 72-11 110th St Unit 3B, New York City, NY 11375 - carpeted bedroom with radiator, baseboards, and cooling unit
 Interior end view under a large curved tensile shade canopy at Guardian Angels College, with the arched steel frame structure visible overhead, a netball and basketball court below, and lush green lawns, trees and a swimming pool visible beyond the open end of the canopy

* * *

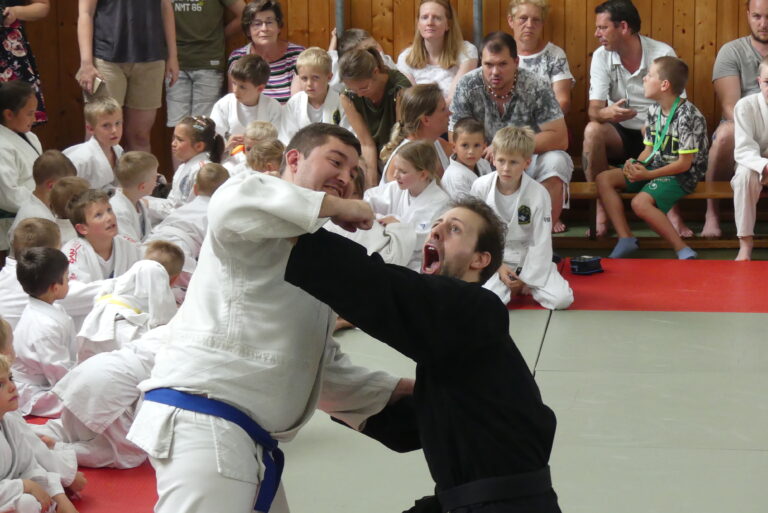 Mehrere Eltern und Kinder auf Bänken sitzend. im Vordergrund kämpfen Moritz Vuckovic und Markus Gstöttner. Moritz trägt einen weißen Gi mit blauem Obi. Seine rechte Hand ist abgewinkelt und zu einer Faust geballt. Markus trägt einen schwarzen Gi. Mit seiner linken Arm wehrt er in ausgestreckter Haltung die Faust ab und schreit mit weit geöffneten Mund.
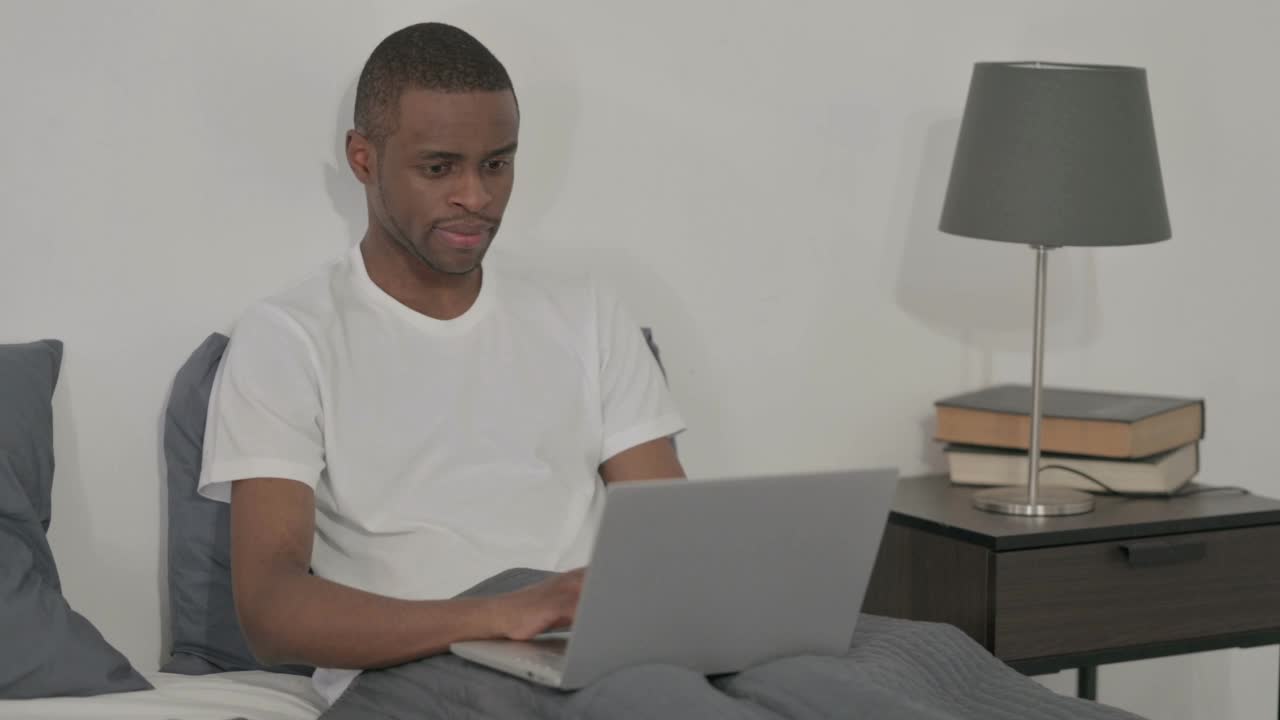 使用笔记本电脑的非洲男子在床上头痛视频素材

* * *

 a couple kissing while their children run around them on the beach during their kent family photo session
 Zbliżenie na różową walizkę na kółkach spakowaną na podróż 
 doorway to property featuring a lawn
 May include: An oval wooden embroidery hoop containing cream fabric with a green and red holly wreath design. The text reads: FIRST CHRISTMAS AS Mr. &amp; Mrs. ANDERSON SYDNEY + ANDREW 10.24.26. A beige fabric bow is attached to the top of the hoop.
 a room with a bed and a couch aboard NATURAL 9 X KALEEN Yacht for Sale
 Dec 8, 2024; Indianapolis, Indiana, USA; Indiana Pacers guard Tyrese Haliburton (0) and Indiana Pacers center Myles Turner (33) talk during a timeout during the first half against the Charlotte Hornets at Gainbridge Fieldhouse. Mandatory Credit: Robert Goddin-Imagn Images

Exercise prompt:
Across the material above, how many lines contain the string "green"? The reply should be that number alone.

Reply:
2